Dans ce contexte, l'utilisation de Claude pour la capture de Nicolás Maduro début janvier a suscité des interrogations en interne chez Anthropic, qui interdit de telles pratiques. Et cette résistance passe très mal à Washington D.C. Certains responsables du Pentagone envisageraient de considérer Anthropic comme un « un risque pour la chaîne d’approvisionnement », une qualification rare pour une entreprise américaine.
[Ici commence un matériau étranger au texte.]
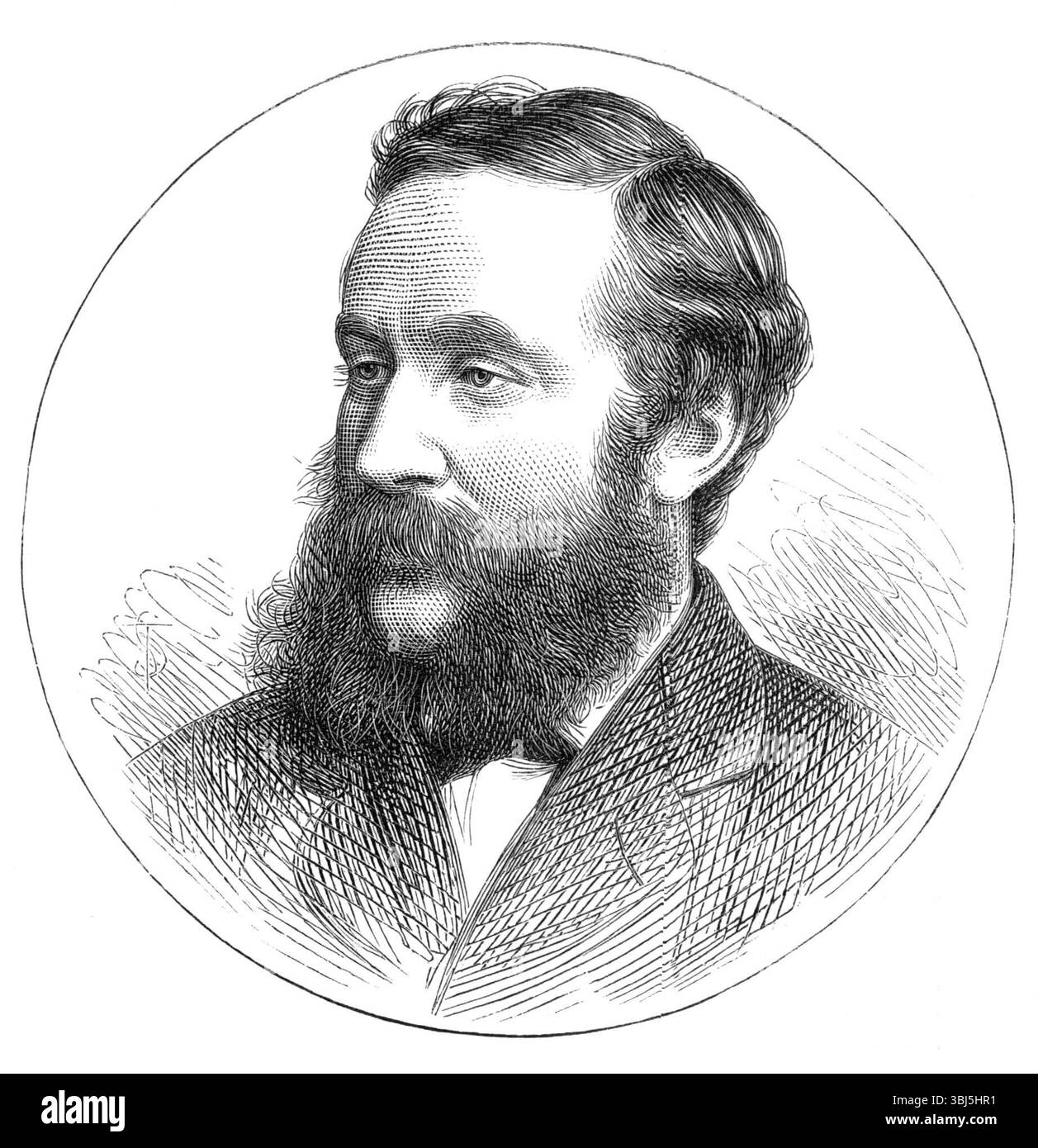 Tenente colonnello Alexander, M.P. per South Ayrshire, 1874. Incisione da una fotografia di Hills e Saunders. Il tenente colonnello Claud Alexander, di Ballochmyle, Ayrshire, ritornato nell'interesse conservatore per la divisione meridionale di quella contea, è il figlio maggiore del defunto signor Boyd Alexander, di Ballochmyle; sua madre era Sophia Elizabeth, terza figlia del defunto Sir Benjamin Hobhouse, e sorellastra di John, Lord Broughton, G.C.B., meglio conosciuto con il suo ex nome di Sir John Cam Hobhouse. Nacque nell'anno 1831 e studiò a Eton e a Christ Church, Oxford. Lui Foto Stock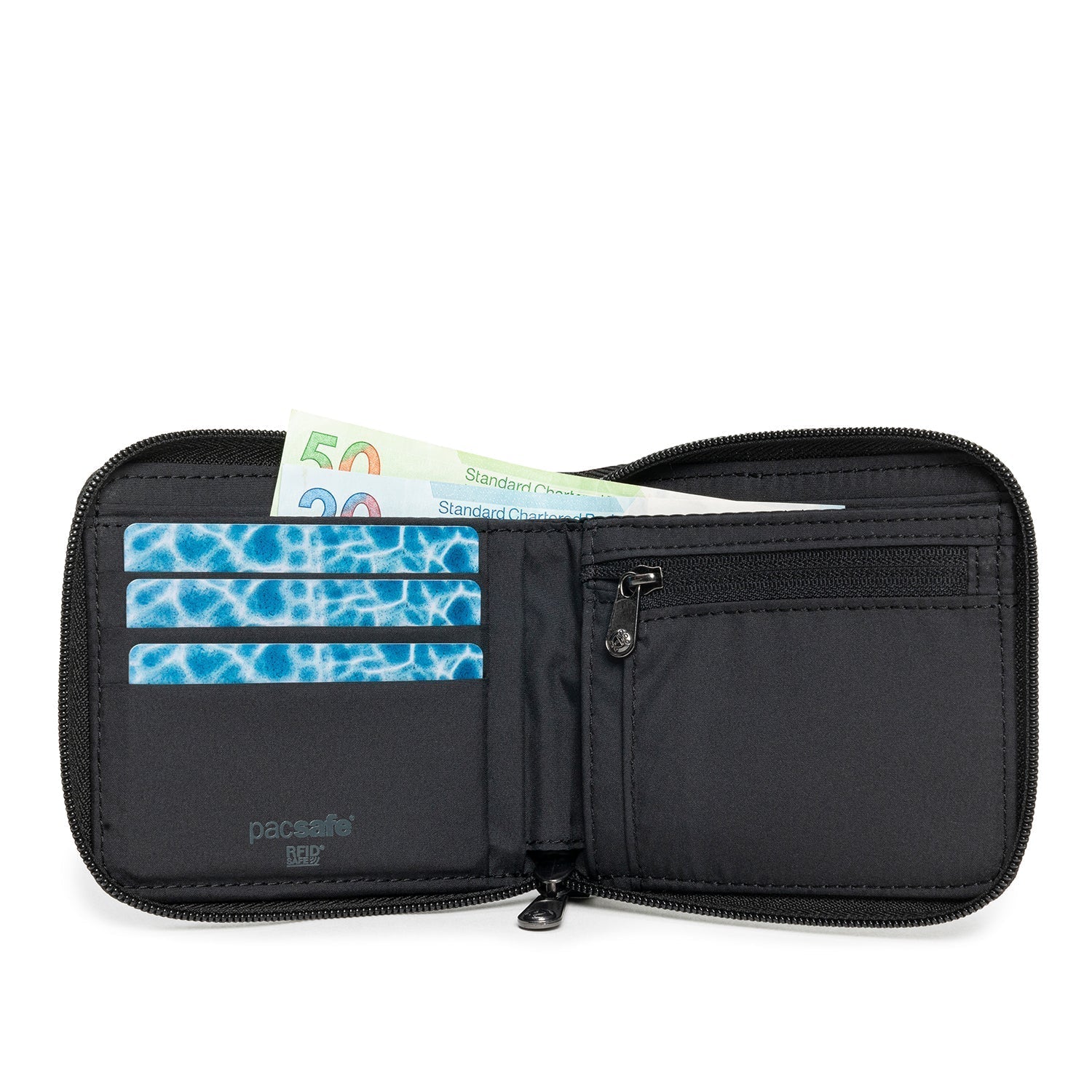 Pacsafe RFIDsafe RFID Blocking Zip Around Wallet – GL Extra Enterprise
Les modèles d'Anthropic comptent parmi les meilleurs du marché. ©miss.cabul / Shuttertstock
Les modèles d'Anthropic comptent parmi les meilleurs du marché. ©miss.cabul / Shuttertstock

Des prises de position claires

Les prises de position politiques des dirigeants de la société n'arrangent pas la situation. Avant l'élection présidentielle américaine, son P.-D.G, Dario Amodei, a comparé Donald Trump à un « seigneur féodal ». Il a aussi critiqué, plus récemment, les décisions sur les exportations de semi-conducteurs. Sa sœur Daniela Amodei, présidente de l'entreprise, s'est également exprimée publiquement sur des sujets sensibles liés à l'actualité politique.

De même, Anthropic a recruté plusieurs anciens responsables de l'administration Biden, dont l'ex-conseiller IA Ben Buchanan ou encore Tarun Chhabra, ancien membre du Conseil de sécurité nationale chargé des questions technologiques. Ces profils, très expérimentés sur les enjeux de sécurité et de régulation, sont perçus par certains alliés de Donald Trump comme une orientation politique assumée.

Si le Pentagone va effectivement au bout de ses idées, la start-up risque de perdre des alliés stratégiques de haut rang. Et ce serait un sérieux revers, alors qu'elle vise une entrée en Bourse historique.